That line appears as the final statement in a piece about how Facebook is trying to woo back GM who earlier this year pulled 10 million dollars worth of ads off the social network.
Let’s revisit that line again; “it takes about a year to get the results of one campaign.” A year? As in 365 days worth of paying for ads to run on a very popular website but I shouldn’t expect to see any results until I’ve burned through the whole 10 million dollar budget?
Are they crazy? Maybe, because in the same article Mr. Smallwood also says, “It is a myth that Facebook advertising doesn’t work.”
Here’s what I say, if a company like GM, a company with all the clout, money, and resources at its disposal, things that Facebook ads don’t work, I’m inclined to agree. Now you could say it’s cars and that’s the problem, people don’t want to buy cars on a social network, but that’s blowing smoke. If Facebook was as good a platform as they claim it is, they could sell chocolate herring to the masses.

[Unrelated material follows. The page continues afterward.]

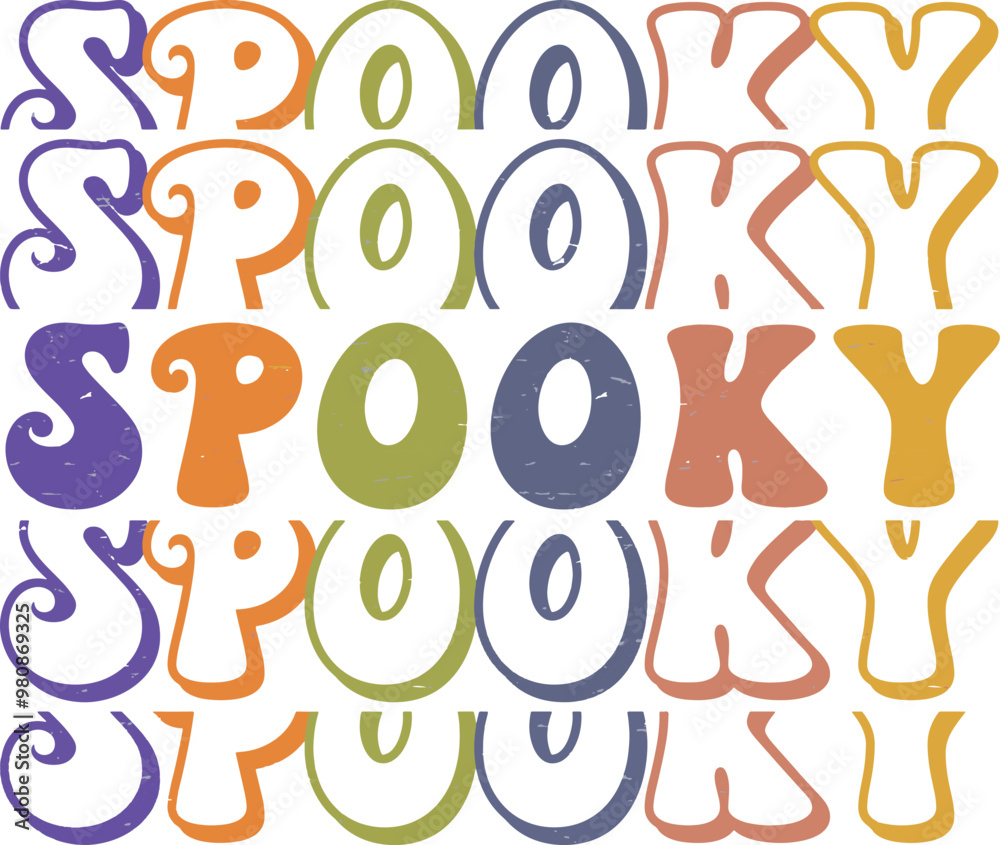 Spooky Text, Design for print on shirt, poster, banner. Colorful text on white background. Lovely print for tee shirt Illustrator Artwork
Spooky Text, Design for print on shirt, poster, banner. Colorful text on white background. Lovely print for tee shirt Illustrator Artwork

Really, look at all the crazy things we’ve bought because we got caught up in the marketing hype. Pet Rocks and $10,000 Cabbage Patch Dolls, and ringtones (2.1 billion in sales). And can we talk about the money people spend on virtual items for Facebook games (1.65 billion)?
Saying that it takes a year to see the results of a Facebook ad campaign is ludicrous when people are dropping bucks on virtual cows and plants every day.
Now check out this new move. According to the New York Post, Facebook is looking to get into the video business with help from the TV networks. They’re working on a deal where they push “likes” on TV-related videos and in return get a portion of the ad revenue from that video.
“If you have 2.6 million likes and Facebook drives that to 4.6 million, then they would share a piece of the additional likes,” one TV source told The Post.
“If you do an $11 million deal with an advertiser some of it would go to Facebook,” the source noted.
Does this sound even more crazy?
Here’s the response from one TV exec:
“It’s hard to pin down the measure of a like,” said one senior TV executive, who added that any deal would likely have a cap to limit a company’s exposure to paying for an astronomical increase in likes.
Smart man (or woman.) The whole concept sounds like those deals you see where they guarantee you “likes” on your page. They aren’t targeted or useful, but they’re “likes” so who cares, right?
With all the resources Facebook has at its disposal, you’d think they could create a detailed ad delivery and measurement system that would remove the speculation. Then again, maybe the reason they can’t do it is because Facebook really is a bad buy.
What do you think? Is it reasonable to wait a year to see results on an ad campaign?